Wireless USB took a big leap towards standardization -- and its seven major proponents hope towards market adoption -- with the release of a version 1 specification.

John Walko

May 25, 2005

2 Min Read

LONDON — Wireless USB took a big leap towards standardization — and its seven major proponents hope towards market adoption — with the release of a version 1 specification.

Backers Intel, Agere Systems, Microsoft, NEC, Philips Semiconductors, Samsung and Hewlett Packard have defined the specification with the help of another 100 contributing companies. They announced its release at the first Wireless USB Developers Conference this week in San Jose, Calif.

Management of what is in effect a de facto standard has been passed to the USB Implementers Forum (USB-IF), the governing body for all USB specifications, which will begin certification, compliance testing and logo licensing.

Wireless USB is based on the WiMedia MAC convergence architecture, utilizing the WiMedia Alliance's MB-OFDM ultrawideband (UWB) MAC and PHY. It was designed to coexist with the other upper-layer protocols built atop WiMedia's common radio platform, and delivers speeds equivalent to wired Hi-Speed USB, with bandwidth of 480 Mbit/s at 3 meters and 110 Mbit/s at 10 meters.

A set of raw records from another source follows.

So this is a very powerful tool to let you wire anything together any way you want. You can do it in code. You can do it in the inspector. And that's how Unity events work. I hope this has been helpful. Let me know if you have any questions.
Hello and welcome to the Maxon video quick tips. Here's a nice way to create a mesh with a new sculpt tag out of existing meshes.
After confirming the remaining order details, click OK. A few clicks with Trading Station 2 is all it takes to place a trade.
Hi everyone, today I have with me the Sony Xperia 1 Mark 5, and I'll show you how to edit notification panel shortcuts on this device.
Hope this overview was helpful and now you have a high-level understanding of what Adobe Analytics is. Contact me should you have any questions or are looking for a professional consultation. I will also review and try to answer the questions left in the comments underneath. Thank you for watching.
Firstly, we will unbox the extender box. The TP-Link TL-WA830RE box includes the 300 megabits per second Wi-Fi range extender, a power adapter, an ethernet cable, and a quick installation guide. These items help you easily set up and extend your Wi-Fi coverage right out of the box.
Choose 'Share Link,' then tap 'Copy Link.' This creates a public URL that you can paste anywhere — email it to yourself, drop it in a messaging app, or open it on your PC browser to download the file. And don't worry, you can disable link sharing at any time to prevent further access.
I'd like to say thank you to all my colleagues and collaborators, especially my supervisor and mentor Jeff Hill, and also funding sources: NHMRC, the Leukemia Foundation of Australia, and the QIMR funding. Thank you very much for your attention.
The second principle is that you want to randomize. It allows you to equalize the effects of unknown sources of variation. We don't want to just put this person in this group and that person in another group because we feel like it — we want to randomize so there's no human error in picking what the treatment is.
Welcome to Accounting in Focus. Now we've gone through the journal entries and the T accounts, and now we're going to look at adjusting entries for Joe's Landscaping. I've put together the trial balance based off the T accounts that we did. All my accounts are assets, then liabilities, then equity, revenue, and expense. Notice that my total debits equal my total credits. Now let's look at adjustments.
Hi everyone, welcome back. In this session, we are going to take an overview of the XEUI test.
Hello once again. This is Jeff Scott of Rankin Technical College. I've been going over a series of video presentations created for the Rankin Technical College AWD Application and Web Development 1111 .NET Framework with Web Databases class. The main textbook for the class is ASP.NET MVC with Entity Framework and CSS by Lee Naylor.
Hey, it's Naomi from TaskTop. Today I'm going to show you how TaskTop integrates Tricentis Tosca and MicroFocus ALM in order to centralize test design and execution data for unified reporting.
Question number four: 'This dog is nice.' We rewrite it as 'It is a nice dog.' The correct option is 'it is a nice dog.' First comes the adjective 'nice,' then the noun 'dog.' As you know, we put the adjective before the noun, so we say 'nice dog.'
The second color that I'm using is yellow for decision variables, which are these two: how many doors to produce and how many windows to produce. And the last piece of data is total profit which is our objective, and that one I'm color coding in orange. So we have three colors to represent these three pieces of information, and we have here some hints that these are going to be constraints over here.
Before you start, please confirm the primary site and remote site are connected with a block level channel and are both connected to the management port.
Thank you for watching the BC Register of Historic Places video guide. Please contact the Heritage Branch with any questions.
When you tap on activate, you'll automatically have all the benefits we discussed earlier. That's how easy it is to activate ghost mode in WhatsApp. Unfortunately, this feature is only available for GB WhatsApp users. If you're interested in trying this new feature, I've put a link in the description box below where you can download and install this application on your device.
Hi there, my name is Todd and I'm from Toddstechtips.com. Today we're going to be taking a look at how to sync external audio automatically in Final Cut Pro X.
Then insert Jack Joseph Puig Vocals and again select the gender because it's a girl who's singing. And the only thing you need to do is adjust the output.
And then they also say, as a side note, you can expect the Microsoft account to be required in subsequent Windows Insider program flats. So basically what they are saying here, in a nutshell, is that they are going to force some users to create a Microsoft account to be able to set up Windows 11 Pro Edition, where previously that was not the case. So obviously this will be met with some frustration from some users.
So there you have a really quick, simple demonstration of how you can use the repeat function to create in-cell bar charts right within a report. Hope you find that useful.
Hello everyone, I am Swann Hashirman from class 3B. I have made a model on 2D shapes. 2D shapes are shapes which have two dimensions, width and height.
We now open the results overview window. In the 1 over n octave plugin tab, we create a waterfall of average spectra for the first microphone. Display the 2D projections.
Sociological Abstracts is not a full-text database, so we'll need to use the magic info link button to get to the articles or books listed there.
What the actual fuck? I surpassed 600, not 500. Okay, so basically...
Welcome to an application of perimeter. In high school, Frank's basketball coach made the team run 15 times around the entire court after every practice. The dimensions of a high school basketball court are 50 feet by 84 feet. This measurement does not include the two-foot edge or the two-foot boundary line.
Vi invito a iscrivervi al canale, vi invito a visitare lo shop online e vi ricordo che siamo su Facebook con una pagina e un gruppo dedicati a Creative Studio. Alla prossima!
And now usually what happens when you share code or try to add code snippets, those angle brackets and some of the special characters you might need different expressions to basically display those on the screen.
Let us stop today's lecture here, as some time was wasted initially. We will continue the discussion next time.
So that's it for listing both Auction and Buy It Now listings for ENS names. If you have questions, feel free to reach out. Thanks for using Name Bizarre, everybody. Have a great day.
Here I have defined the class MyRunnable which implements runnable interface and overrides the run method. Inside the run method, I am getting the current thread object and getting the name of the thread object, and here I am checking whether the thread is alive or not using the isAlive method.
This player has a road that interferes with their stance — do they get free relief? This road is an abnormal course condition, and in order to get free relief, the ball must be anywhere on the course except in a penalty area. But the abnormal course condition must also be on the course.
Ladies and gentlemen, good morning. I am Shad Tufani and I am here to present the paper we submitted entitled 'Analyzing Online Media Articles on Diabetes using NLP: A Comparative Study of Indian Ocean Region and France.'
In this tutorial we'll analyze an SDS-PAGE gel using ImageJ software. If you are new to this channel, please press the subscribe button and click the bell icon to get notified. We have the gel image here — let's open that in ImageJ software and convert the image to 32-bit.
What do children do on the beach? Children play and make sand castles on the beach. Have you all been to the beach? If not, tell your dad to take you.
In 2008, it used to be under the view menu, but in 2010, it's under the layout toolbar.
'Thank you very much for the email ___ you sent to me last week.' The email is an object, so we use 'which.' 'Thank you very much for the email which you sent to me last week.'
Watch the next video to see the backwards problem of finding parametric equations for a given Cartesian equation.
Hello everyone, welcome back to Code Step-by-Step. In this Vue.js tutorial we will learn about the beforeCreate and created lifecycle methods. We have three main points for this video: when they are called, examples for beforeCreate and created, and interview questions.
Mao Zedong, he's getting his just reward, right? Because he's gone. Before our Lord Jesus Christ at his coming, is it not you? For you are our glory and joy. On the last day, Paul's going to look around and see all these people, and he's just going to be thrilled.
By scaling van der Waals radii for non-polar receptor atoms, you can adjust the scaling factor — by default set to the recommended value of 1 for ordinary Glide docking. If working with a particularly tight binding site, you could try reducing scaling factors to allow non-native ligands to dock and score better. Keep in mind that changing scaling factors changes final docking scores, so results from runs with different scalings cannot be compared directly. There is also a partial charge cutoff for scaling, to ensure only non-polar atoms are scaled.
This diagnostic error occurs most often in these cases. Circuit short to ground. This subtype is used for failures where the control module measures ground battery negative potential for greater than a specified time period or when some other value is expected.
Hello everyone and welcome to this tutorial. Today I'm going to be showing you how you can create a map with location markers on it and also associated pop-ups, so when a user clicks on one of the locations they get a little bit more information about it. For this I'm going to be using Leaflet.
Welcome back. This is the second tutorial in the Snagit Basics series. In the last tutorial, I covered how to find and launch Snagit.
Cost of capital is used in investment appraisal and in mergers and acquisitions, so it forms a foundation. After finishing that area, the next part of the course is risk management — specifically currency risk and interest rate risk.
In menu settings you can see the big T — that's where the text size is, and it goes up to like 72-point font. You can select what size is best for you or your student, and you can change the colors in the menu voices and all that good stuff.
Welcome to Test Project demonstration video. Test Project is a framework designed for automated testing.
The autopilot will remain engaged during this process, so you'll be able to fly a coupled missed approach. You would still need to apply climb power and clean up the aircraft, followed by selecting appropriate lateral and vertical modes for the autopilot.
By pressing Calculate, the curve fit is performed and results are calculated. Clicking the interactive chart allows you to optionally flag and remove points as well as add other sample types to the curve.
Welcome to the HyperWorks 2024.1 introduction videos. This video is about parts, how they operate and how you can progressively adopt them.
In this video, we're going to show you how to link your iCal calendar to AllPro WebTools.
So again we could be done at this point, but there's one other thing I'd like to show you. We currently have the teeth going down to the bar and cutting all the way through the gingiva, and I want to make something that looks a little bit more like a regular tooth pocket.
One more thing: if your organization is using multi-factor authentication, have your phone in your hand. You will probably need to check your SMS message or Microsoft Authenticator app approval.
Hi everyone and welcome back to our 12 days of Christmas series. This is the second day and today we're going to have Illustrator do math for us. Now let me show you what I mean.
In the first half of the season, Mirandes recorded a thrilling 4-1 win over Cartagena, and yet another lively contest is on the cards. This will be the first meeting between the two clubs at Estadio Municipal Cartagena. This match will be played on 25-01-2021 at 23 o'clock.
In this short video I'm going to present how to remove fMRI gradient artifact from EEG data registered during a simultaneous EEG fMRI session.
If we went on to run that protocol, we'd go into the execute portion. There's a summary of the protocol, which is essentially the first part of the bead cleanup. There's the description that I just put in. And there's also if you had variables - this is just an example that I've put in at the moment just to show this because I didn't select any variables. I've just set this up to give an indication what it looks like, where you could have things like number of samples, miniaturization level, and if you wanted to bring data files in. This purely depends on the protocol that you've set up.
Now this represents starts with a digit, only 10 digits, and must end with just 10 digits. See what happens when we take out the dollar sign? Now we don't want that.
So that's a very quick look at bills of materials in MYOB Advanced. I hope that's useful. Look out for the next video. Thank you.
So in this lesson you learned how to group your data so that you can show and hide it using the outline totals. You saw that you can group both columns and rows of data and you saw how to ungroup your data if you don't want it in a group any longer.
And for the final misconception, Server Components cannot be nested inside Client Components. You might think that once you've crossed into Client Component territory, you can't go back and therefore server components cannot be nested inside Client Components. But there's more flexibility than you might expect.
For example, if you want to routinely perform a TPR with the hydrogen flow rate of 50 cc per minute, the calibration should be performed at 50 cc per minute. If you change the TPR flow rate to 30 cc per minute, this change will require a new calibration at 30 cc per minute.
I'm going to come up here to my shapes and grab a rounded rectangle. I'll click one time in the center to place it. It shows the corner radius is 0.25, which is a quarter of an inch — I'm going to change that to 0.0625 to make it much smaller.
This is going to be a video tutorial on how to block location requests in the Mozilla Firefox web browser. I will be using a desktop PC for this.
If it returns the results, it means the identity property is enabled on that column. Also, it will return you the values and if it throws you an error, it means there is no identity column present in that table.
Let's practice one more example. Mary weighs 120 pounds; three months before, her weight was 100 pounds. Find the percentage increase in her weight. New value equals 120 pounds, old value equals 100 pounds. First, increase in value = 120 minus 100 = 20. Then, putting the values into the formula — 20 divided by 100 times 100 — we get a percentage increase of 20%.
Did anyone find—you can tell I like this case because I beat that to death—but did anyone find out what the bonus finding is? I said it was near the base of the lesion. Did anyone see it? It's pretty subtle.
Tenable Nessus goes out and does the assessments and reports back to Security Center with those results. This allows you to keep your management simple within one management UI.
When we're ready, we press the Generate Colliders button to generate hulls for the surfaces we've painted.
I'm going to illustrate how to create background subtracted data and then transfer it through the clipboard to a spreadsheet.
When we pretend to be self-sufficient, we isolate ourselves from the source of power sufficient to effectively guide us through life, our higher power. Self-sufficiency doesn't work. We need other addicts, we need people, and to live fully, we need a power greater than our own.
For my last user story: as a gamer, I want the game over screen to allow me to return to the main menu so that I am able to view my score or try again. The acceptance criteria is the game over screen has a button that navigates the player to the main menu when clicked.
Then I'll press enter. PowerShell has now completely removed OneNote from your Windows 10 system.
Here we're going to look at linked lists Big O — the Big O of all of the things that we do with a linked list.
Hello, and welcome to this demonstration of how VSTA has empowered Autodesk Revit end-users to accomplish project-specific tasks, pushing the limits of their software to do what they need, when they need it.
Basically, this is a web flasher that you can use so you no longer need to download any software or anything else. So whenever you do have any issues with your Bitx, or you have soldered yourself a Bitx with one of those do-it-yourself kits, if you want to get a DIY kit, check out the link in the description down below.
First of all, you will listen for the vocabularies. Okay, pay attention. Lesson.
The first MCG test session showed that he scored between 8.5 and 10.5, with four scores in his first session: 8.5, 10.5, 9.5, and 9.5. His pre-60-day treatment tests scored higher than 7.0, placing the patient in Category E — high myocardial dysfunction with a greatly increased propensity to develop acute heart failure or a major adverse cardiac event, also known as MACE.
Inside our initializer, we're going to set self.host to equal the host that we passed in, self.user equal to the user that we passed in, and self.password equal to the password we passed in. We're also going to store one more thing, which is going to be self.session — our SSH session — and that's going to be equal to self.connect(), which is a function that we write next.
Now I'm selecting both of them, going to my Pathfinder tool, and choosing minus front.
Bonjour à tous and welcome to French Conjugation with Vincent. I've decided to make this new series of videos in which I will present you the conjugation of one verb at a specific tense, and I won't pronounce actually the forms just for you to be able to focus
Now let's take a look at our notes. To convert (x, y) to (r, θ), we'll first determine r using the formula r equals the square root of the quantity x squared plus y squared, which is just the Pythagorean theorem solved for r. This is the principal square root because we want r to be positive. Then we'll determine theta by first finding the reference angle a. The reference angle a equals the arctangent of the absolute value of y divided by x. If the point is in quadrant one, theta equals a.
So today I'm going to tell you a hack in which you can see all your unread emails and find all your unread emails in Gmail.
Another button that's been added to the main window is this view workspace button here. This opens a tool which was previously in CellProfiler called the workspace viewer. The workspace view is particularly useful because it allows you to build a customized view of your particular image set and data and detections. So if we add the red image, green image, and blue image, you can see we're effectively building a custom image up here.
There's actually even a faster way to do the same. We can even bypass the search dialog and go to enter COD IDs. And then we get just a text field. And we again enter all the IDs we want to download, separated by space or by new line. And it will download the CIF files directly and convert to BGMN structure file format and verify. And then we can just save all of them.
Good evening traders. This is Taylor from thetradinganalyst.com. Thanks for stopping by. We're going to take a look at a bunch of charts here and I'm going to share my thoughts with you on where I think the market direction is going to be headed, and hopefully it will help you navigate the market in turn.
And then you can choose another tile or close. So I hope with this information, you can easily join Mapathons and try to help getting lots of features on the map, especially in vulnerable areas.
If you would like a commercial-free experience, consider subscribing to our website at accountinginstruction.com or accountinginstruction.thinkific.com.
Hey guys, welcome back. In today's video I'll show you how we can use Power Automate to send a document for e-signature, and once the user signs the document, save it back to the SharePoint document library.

"We've delivered on the promise we made in 2004 to complete the specification and make it publicly available in 2005," said Jeff Ravencraft, chairman of the Wireless USB Promoter Group. "Product development is currently underway, with the first Wireless USB products expected to be available at the end of 2005."

To meet its self-imposed deadline, backers had to choose between the two competing versions of UWB, one MAC and PHY being pushed by the WiMedia Alliance. Many of its members also belong to the Wireless USB promoter group, or backed incompatible technology from the UWB Forum, whose main backer is Freescale Semiconductor.

The first implementations will be in the form of discrete silicon that is being introduced in several form factors such as add-in cards, external adapters and embedded silicon modules for integrated solutions.

Compliance and interoperability testing is expected to begin by the end of June at a laboratory being established by Intel. The group is aiming to make Wireless USB as easy to use as the wired USB 2.0 version, with similar plug-and-play capabilities.